Among other changes to the Prior Bylaws, the Amended and Restated Bylaws:

(i)
further define the requirements and procedures for stockholders meetings, including how such meetings are noticed, how stockholders of record are determined and how such meetings are held.

(ii)
provide that stockholders holding at least a majority of the voting power of the Company’s capital stock, represented in person or by proxy, are necessary to constitute a quorum for the transaction of business at any meeting. The Prior Bylaws provided that a quorum was two stockholders of the Company present in person or by proxy.

(iii)
provide that, except as otherwise expressly provided in the Amended and Restated Articles, (a) no action shall be taken by the stockholders except at an annual or special meeting of stockholders called and noticed in the manner required by the Amended and Restated Bylaws and (b) the stockholders may not in any circumstance take action by written consent. The Prior Bylaws permitted stockholder action by written consent.

(iv)
establish requirements and procedures for stockholders to nominate persons and submit proposals of business at annual meetings, whereas the Prior Bylaws of the Company did not have provisions setting forth the requirements and procedures for stockholders to nominate persons and submit proposals of business at annual meetings.

(v)
provide that the Board of Directors will consist of at least one (1) individual and not more than eleven (11) individuals, with the number of directors being established and changed from time to time solely by resolution adopted by the Board of Directors, whereas the Prior Bylaws provided that the Board of Directors would consist of not less than one (1) and not more than nine (9) directors, with the number of directors being established and changed from time to time by resolution of the stockholders of the Company.

(vi)
further define the procedures to notice meetings of the Company’s Board of Directors and provide that a majority of the directors in office, at a meeting duly assembled, is necessary to constitute a quorum for the transaction of business. The Prior Bylaws provided that the quorum necessary to transact business of the directors could be fixed by the directors, and if not so fixed was a majority of the directors.

(vii)
provide that the bylaws may be amended or repealed in any respect and new bylaws may be adopted by the affirmative vote of the holders of at least sixty-six and two-thirds percent (66-2/3%) of the outstanding voting power of the Company, voting together as a single class. The Prior Bylaws provided that the bylaws could be altered or repealed and new bylaws be made by a majority vote of the stockholders.

(viii)
provide for mandatory indemnification of officers and directors of the Company, whereas the Prior Bylaws only provided for mandatory indemnification of directors, and provide advanced payment provisions in the event of indemnification, whereas the Prior Bylaws did not have advanced payment provisions.

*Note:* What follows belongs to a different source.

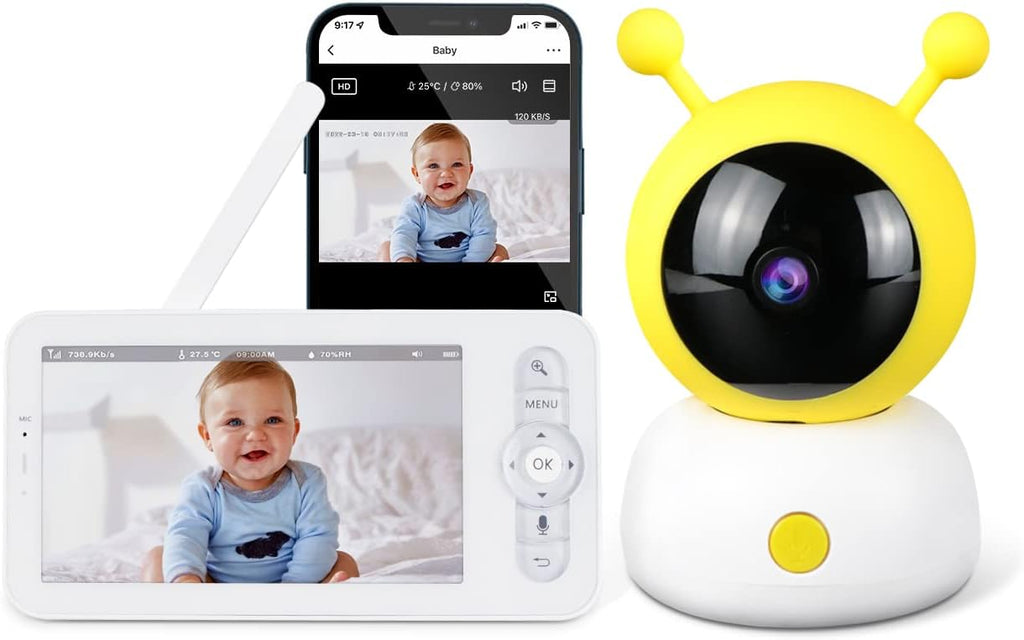 5" Video Baby Monitor with App and Screen, 1080p Digital Camera and 720p Display, 2-Way Audio & PIR Remote Pan-Tilt-Zoom via Tuya APP Control - WiFi & Wireless Technology Z992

The foregoing description is qualified in its entirety by reference to the Amended and Restated Bylaws, which is filed as Exhibit 3.3 and is incorporated herein by reference.

Item 5.07

 

Submission of Matters to a Vote of Security Holders.The information set forth in Items 3.03, 5.02 and 5.03 above pertaining to matters acted upon by written consent of the Company’s stockholders is hereby incorporated herein by reference.